A labourer at a nearby PDS shop, Dar says his daughters were kidnapped around 8 pm and gunned down within an hour. “The gunmen killed them a kilometre away, in Takiabal locality.”

Frecha says the men (who numbered 10 according to eyewitnesses) were speaking Urdu and Kashmiri and wearing masks. “Akhtara was preparing food. A gunman, who was accompanied by a local, enquired about her younger sister, who was watching television in a neighbour’s house. They first caught hold of Akhtara and later went inside the house of our relative and also brought out Arifa.”

Dar says four of their women relatives followed the gunmen, pleading with them to release the girls, but to no avail. “They threatened my relatives not to follow them. When the women didn’t listen, the gunmen killed both the girls.” The police retrieved their bullet-ridden bodies from the roadside.
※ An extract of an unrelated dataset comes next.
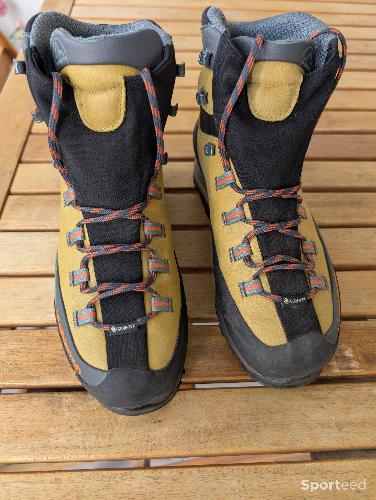 Randonnée / Trek - Chaussures de randonnée La Sportiva Trango TRK Leather GTX Savana/Tiger - photo 6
Naza Begum, who was among those who followed the gunmen, says they had all the details about their congested neighbourhood. “Before kidnapping the girls, the gunmen cordoned four houses... They assured us that after some enquiries, the girls would be left unharmed,” she says.
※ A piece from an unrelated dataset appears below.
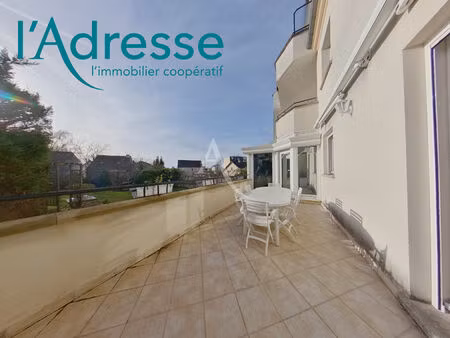 appartement lumineux de 94 m² au coeur de richardets - noisy-le-grand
Superintendent of Police, Sopore, Altaf Khan said they have identified the two local militants allegedly working for the Lashkar-e-Toiba who were responsible for the killings. “The girls were killed as the militants operating in the town are trying to enforce moral policing,” Khan said. “As per our initial reports, three militants committed this crime. We have identified the two local militants as Wasim Ganai and Mohammad Muzaffar Naikoo. Investigation is on to trace the third.”

This is not for the first time that militants have targeted girls in Kashmir. Last year, four women had been killed in south Kashmir’s Keller village.

Hurriyat flays ‘heinous’ killings

The hardline Hurriyat Conference led by Syed Ali Shah Geelani has condemned the killing of the two girls, terming it a heinous crime against humanity. However, it added that it couldn’t say who killed these girls, adding that in the past, security personnel have been “awarded for killing innocent civilians”.

On the other hand, CM Omar Abdullah called the “muted condemnation” by citizens and separatist leaders as “unfortunate”. Speaking on the sidelines of the Chief Ministers’ Conference on Internal Security in Delhi, Omar said, “If there was even the slightest of indication that these deaths have been the result of high handedness of security forces, today, the whole Valley would have erupted in flames.”